Les autorités tunisiennes peuvent rejeter le rapport Amnesty International mais elles ne peuvent faire fi d’une opinion internationale de plus en plus critique à son égard. Dans son rapport de mai 2010 sur la situation des droits humains, l’Union européenne (UE) écrit « avoir pris note d’informations préoccupantes concernant le respect de la liberté d’expression et des médias et de la liberté d’association ». L’UE écrit en outre que « Des ONG actives dans la défense des droits de l’homme ont été souvent confrontées à différents obstacles qui ont entravé leur travail ».

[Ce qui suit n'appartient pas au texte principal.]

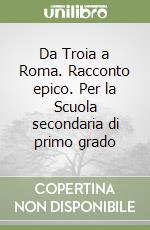 Da Troia a Roma. Racconto epico. Per la Scuola secondaria di primo grado libro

Si les autorités tunisiennes sont confiantes quant à la situation des droits humains en Tunisie, elles ne devraient pas s’opposer à la visite d’experts des Nations unies, notamment celui chargé de la liberté d’expression ou l’expert en charge de la situation des défenseurs des droits humains qui sollicite l’autorisation de se rendre dans le pays depuis plus d’une dizaine d’années. Amnesty International renouvelle ses recommandations aux autorités tunisiennes et les appelle à cesser immédiatement le harcèlement et les actes d’intimidation à l’égard des défenseurs des droits humains et des personnes qui critiquent le gouvernement, à cesser de prendre des mesures contre la société civile indépendante et à mettre fin aux ingérences dans les affaires internes des associations et organisations de la société civile visant à les museler.